TASK ITEM → Below are several records. Retype exactly those lines running from the one with "Rollo De Cinta" through the one with "short droit avec cordon rose clair homme Short", end lines included, and no others.

DATA FOR PROCESSING →

+ + + + +

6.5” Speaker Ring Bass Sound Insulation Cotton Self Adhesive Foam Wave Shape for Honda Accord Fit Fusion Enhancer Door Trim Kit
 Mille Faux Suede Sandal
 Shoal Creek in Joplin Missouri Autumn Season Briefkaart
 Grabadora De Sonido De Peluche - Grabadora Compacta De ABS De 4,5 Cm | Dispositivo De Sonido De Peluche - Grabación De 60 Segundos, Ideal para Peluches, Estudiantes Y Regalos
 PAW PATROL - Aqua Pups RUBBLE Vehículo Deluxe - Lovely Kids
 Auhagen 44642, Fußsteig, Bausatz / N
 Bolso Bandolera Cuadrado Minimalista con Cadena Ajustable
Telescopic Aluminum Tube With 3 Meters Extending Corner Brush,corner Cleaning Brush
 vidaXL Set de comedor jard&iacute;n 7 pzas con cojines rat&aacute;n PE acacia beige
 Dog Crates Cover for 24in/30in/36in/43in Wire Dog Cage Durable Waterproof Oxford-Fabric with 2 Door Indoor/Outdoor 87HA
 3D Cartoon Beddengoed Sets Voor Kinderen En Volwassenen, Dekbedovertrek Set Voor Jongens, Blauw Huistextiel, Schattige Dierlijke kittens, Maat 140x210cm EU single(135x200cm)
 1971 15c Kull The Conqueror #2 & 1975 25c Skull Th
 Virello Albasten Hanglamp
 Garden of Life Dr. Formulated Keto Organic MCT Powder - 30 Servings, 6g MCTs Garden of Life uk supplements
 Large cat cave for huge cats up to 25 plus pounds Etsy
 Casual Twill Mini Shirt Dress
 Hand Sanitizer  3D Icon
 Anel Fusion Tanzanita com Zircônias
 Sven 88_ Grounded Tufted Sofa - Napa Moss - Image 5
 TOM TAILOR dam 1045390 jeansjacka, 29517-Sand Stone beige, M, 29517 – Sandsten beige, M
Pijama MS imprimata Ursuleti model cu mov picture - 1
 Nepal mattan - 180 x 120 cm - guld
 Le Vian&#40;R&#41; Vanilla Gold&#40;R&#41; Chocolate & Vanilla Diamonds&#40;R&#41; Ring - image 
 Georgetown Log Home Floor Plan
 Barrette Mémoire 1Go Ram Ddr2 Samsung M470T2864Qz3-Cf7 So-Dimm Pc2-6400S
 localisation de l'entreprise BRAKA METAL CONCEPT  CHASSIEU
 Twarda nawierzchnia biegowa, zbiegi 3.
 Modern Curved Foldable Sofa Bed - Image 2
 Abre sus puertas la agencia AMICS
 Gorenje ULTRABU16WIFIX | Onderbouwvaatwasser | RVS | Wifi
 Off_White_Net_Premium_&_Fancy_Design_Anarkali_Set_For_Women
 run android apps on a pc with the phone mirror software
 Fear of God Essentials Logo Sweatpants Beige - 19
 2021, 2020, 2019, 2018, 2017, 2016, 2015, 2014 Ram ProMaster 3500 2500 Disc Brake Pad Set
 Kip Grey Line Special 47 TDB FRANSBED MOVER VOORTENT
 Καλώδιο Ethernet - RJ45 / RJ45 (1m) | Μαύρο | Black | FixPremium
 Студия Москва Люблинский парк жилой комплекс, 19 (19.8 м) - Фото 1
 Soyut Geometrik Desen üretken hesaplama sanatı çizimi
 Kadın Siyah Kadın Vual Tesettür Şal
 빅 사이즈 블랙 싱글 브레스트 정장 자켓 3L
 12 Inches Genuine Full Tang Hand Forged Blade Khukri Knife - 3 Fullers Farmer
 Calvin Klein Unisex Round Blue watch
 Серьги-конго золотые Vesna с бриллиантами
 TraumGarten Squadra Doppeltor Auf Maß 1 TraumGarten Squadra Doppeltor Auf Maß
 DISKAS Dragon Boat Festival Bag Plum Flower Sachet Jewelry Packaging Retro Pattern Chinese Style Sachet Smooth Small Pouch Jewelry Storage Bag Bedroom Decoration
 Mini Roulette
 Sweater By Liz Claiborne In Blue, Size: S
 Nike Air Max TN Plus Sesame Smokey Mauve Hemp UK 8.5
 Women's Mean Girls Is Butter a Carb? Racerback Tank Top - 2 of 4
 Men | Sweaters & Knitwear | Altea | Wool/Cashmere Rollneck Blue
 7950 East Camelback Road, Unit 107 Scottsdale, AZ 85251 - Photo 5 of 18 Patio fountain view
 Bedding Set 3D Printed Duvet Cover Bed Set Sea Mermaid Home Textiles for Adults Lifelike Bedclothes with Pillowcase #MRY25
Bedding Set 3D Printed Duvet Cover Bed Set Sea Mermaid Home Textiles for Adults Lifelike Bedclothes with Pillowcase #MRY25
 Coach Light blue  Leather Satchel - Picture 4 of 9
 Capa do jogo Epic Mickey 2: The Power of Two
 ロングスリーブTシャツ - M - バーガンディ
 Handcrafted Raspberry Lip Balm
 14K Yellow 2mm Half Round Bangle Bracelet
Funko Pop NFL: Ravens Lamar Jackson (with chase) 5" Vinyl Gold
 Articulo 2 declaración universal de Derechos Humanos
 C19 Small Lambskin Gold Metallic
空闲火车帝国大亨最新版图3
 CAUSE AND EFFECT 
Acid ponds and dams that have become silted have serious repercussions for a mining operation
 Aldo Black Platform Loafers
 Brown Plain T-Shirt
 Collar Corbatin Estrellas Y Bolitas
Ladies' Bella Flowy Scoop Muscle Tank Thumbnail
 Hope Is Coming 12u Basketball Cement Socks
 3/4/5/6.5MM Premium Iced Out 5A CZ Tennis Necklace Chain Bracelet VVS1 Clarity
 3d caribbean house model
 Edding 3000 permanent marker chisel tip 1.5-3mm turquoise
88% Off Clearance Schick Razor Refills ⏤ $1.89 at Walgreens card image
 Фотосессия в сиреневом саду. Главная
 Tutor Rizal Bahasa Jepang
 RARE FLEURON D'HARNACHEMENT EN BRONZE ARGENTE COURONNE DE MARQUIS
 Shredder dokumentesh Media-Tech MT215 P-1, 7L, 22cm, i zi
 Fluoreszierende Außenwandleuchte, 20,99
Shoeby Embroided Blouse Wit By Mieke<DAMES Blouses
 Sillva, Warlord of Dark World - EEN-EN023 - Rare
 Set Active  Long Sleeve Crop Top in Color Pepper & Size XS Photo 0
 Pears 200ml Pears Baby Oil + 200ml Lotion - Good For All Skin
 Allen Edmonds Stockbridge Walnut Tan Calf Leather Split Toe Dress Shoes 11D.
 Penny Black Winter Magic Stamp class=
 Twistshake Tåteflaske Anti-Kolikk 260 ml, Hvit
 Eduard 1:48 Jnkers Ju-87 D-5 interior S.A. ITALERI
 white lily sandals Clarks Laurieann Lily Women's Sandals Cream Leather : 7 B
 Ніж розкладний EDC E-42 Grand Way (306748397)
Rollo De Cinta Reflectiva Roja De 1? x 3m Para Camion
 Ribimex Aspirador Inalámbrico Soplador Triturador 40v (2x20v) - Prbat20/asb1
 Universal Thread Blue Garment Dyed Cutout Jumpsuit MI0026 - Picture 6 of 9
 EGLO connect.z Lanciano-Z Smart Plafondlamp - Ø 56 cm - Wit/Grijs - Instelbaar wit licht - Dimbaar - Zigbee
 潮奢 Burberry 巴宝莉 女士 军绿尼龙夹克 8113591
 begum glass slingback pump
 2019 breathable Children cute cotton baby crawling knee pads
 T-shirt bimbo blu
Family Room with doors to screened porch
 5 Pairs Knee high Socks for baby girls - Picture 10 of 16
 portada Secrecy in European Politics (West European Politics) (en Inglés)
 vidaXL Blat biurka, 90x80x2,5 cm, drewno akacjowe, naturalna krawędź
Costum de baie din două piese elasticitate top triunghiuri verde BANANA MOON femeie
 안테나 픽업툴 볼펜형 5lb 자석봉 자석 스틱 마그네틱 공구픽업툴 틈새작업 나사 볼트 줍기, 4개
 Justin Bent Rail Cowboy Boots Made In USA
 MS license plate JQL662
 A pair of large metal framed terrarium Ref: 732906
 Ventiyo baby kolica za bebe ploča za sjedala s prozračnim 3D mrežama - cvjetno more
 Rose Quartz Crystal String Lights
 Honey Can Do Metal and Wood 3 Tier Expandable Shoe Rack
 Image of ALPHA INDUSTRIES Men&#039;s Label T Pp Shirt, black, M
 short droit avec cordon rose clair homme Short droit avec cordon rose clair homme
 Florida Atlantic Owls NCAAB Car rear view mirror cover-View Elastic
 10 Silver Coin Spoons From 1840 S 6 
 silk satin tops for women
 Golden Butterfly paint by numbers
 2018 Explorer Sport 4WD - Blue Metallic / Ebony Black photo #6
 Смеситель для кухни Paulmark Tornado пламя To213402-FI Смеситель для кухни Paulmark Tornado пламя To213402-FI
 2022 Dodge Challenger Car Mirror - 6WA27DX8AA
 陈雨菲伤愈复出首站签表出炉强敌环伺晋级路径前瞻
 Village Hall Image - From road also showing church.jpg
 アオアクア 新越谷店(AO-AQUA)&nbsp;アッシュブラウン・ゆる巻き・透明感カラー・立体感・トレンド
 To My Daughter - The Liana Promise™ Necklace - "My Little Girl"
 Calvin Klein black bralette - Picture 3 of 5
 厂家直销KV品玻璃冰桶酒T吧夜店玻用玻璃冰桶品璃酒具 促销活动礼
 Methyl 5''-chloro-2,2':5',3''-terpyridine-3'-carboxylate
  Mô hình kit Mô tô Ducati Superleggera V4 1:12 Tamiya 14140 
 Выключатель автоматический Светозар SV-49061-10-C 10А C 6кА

+ + + + +

SOLUTION →
Rollo De Cinta Reflectiva Roja De 1? x 3m Para Camion
 Ribimex Aspirador Inalámbrico Soplador Triturador 40v (2x20v) - Prbat20/asb1
 Universal Thread Blue Garment Dyed Cutout Jumpsuit MI0026 - Picture 6 of 9
 EGLO connect.z Lanciano-Z Smart Plafondlamp - Ø 56 cm - Wit/Grijs - Instelbaar wit licht - Dimbaar - Zigbee
 潮奢 Burberry 巴宝莉 女士 军绿尼龙夹克 8113591
 begum glass slingback pump
 2019 breathable Children cute cotton baby crawling knee pads
 T-shirt bimbo blu
Family Room with doors to screened porch
 5 Pairs Knee high Socks for baby girls - Picture 10 of 16
 portada Secrecy in European Politics (West European Politics) (en Inglés)
 vidaXL Blat biurka, 90x80x2,5 cm, drewno akacjowe, naturalna krawędź
Costum de baie din două piese elasticitate top triunghiuri verde BANANA MOON femeie
 안테나 픽업툴 볼펜형 5lb 자석봉 자석 스틱 마그네틱 공구픽업툴 틈새작업 나사 볼트 줍기, 4개
 Justin Bent Rail Cowboy Boots Made In USA
 MS license plate JQL662
 A pair of large metal framed terrarium Ref: 732906
 Ventiyo baby kolica za bebe ploča za sjedala s prozračnim 3D mrežama - cvjetno more
 Rose Quartz Crystal String Lights
 Honey Can Do Metal and Wood 3 Tier Expandable Shoe Rack
 Image of ALPHA INDUSTRIES Men&#039;s Label T Pp Shirt, black, M
 short droit avec cordon rose clair homme Short droit avec cordon rose clair homme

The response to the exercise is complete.